Maire-info
Le quotidien d’information des élus locaux

Édition du jeudi 2 juin 2022
Vie publique

Transparence de la vie publique : encore quelques efforts à faire 

Lors de la présentation de son rapport d'activité sur l'année 2021, la Haute autorité pour la transparence de la vie publique (HATVP) a notamment attiré l'attention sur l'absence de dépôts de déclarations de certains élus locaux. Elle fait dix nouvelles propositions pour renforcer la confiance des citoyens dans leurs élus. 

Par Bénédicte Rallu

« Dans l’ensemble, on peut dire que les responsables publics respectent largement leurs obligations déclaratives », s’est félicité Didier Migaud, le président de la Haute autorité pour la transparence de la vie publique (HATVP), lors de la conférence de presse de présentation du rapport d’activité 2021 de cette organisation, ce mercredi 1er juin. Mais « nous observons un taux de dépôt assez inégal, et parfois insatisfaisant ». 
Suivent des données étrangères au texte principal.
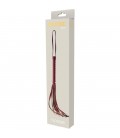 BLAZE ELITE FLOGGER RED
En 2021, la HATVP a reçu 15 574 déclarations de situation patrimoniale et d’intérêts. C’est un peu moins qu’en 2020, année des élections municipales et intercommunales. L’année dernière, l’activité a été tout de même « dense »  pour la HATVP en raison principalement des élections départementales et régionales. C’était aussi la première année où les membres du Conseil économique, social et environnemental devaient envoyer une déclaration à la Haute Autorité. En tout ce sont aujourd’hui « plus de 17000 responsables publics, élus, agents, collaborateurs, dirigeants qui sont concernés », a rappelé le président de la HATVP. La Haute autorité propose d’élargir ce panel en y incluant notamment les maires d’arrondissement de Paris, Lyon et Marseille (proposition n°1 sur les dix formulées dans le rapport d’activité).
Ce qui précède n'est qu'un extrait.